_TASK PROMPT_
At the line with "Trgovina | Vrtni centar Flora", start transcribing; stop after the last line of the data below. Keep it exact and leave pictures out.
(Beginning of RECORDS FOR THIS EXERCISE)
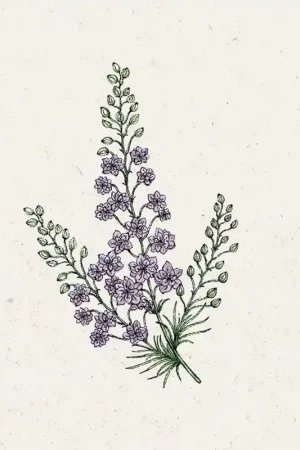 Scherp geprijsd - Jora Dahl Wilde Ridderspoor Misty Lavender Delphinium Consolida
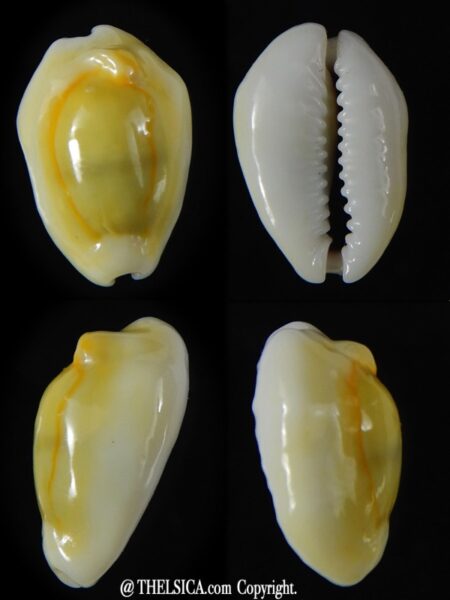 Monetaria moneta moneta ..Freak .. 23,32 mm Gem -0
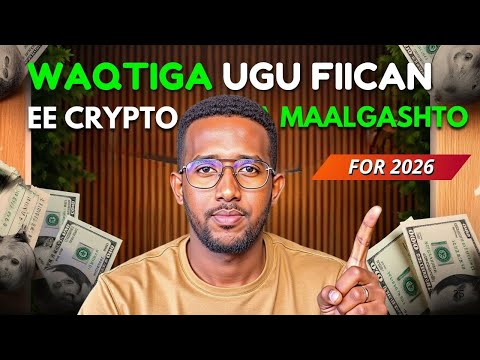 Waqtigee ugu fiican ee Crypto la maalgashtaa | Wrong Time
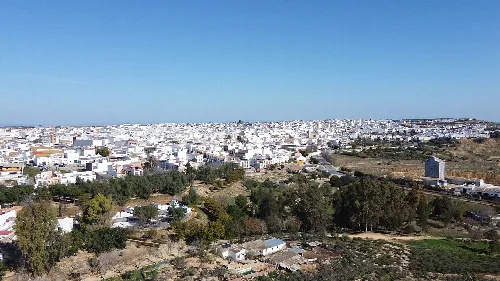 Panoramic view of El Viso del Alcor with houses and greenery.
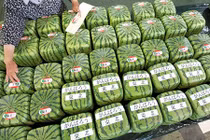 Hiểu lầm khó đỡ về thực phẩm biến đổi gen 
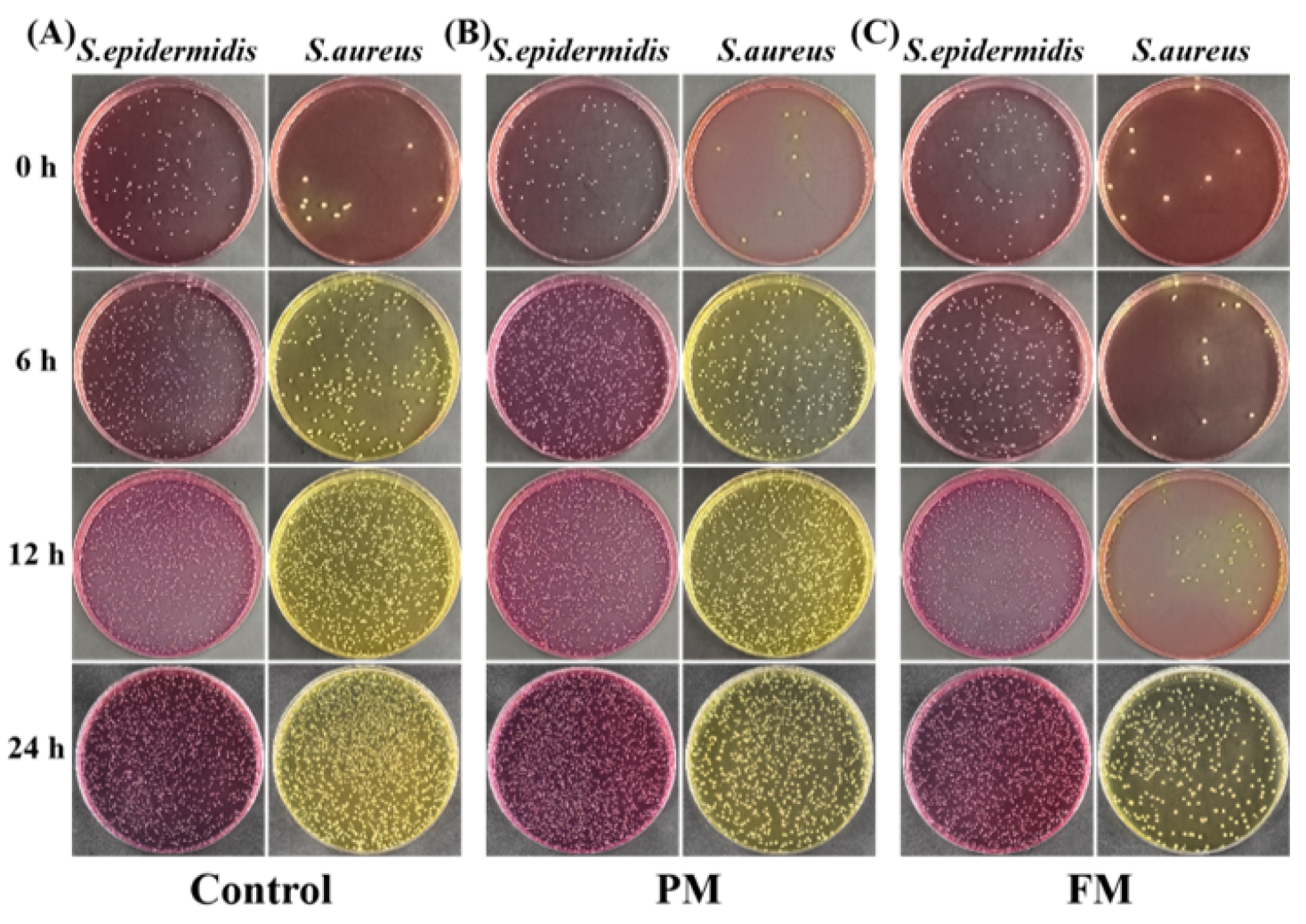 Cosmetics 12 00232 g005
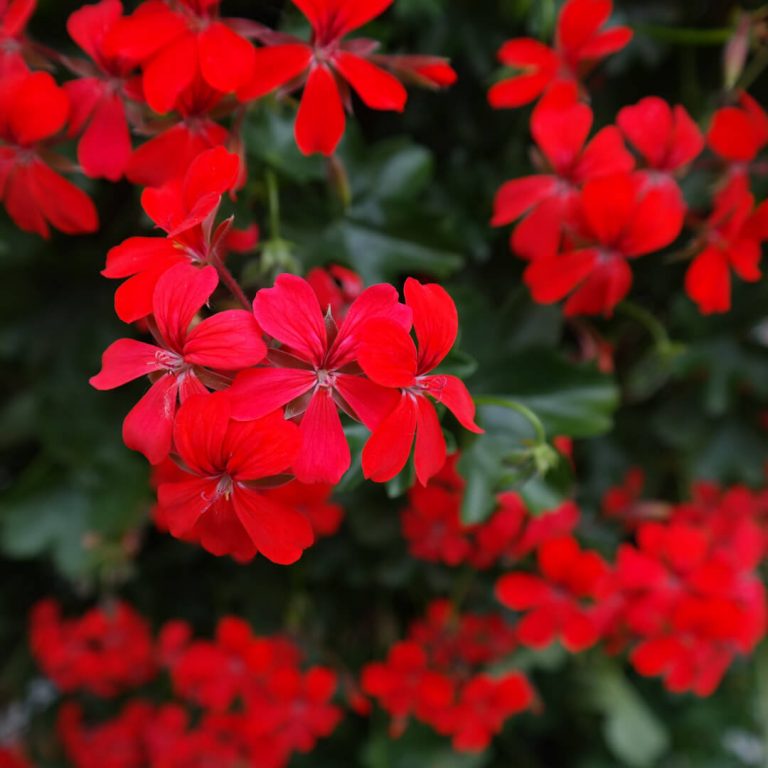Trgovina | Vrtni centar Flora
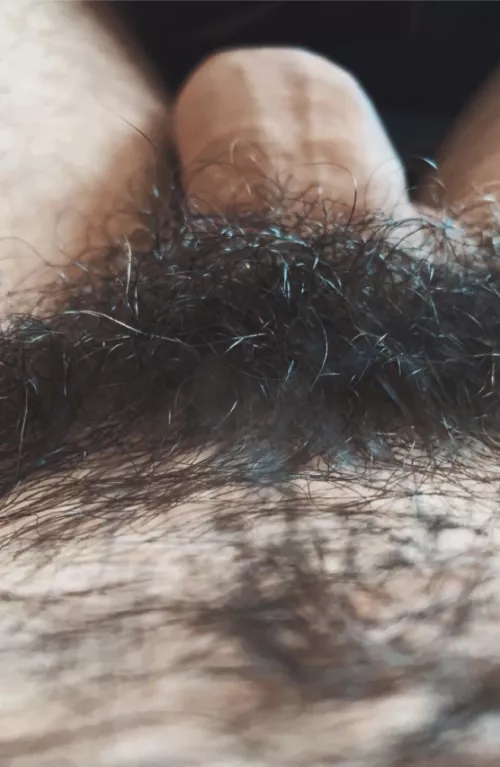 Full bush with a few stray greys...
(End of RECORDS FOR THIS EXERCISE)
_EXERCISE OUTPUT_
Trgovina | Vrtni centar Flora
 Full bush with a few stray greys...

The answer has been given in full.